An interesting question to pose for various media members... If Adam Dunn reduced the number of strikeouts AND walks by 50%, would he be more or less valuable? I can guess who would answer what...

04-21-2006, 02:46 PM
I was told there would be no math here. ;)
Break out the pocket calculators.

04-21-2006, 02:49 PM
Thanks, I'll check that out Raisor.

Here's a link:


It's based on a min of 100 PA's w/RISP last season.

Dunn ranks 7th in the NL in RC/27 (which essentially equalizes PA's)

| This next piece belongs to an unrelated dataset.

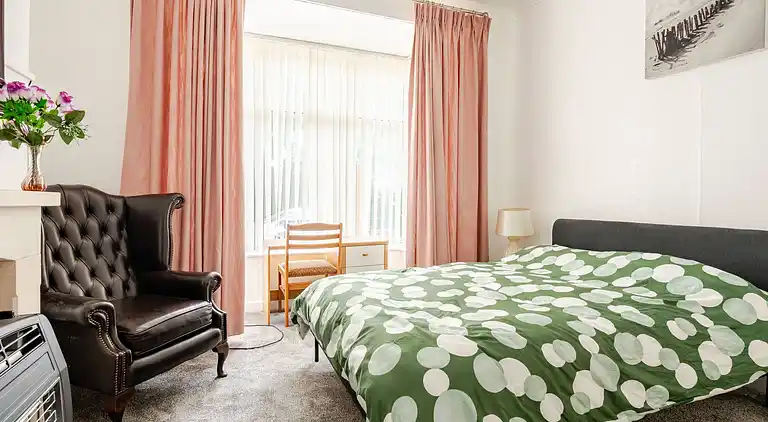 Charmantes Familienhaus in Bolton mit Terrasse und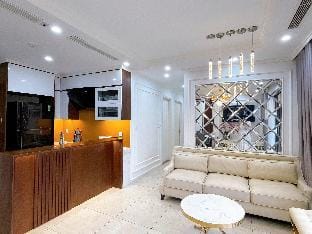 Vincom Center Dcapitale 119 Trần Duy Hung Cầu Giấy Apartment in Laos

He was 9th in the NL in gross RC's w/RISP, while finishing 15th in total PA's w/RISP.

04-21-2006, 02:50 PM
Nice work, Buck.

One of the things "stat guys" like me tend to do is focus on the big picture and try to evaluate the total ballplayer. Little things matter, but there's a reason they're called little things and not big things. Nonetheless, there are little things, and one can believe Dunn is the most productive player on the team while not necessarily making him the first choice to be at the plate in every situation.

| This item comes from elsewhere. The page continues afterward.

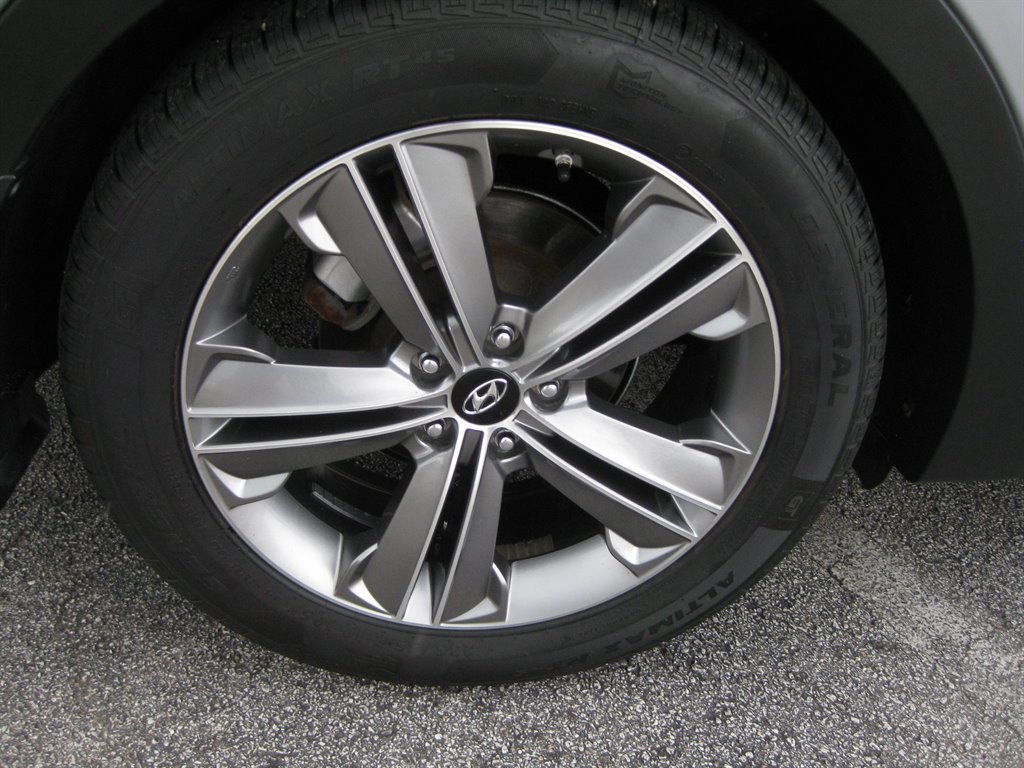 Used 2015 Hyundai Santa Fe GLS w/ Option Group 03 FWD image 10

One of the more interesting article series I read on Baseball Prospectus last year had to do with "one-run value yield" -- essentially, an analysis of when to switch from macro to micro view, when the typical strategies of maximizing run-scoring potential should yield to the need to get across a single run. And I'll agree, in a pure littleball situation where the runner on third is the ballgame, Dunn is not the ideal guy to have at the plate. His contact rate is low and the walks he draws may not be of real benefit in that situation, depending on what bases are empty. Oddly enough, that's a situation where he's probably going to be pitched around anyway. But the situations where his walks and power add no extra value are rare enough that they're not really worth worrying about in the big picture.

04-21-2006, 04:49 PM
Break out the pocket calculators.

Mine's a SHARP elsi mate EL-233S

Just sayin.

04-21-2006, 04:58 PM
Mine's a SHARP elsi mate EL-233S

Just sayin.

I like my TI-85, but having MATLAB on my computer kicks butt.
Just saying.;)

04-21-2006, 05:38 PM
Mine's a SHARP elsi mate EL-233S

Just sayin.
Calculator of champions

04-21-2006, 05:43 PM

04-21-2006, 06:03 PM
If a key to creating runs is avoiding outs, would not creating outs for your opponent (defense) be equally important in winning a baseball game?

04-21-2006, 06:07 PM
Of course it is. No one has ever argued otherwise. I think I know what you're getting at, but the difference between good hitters and bad hitters as it relates to outs avoided is significantly larger than the difference between good fielders and bad fielders and the number of extra outs given to the other team.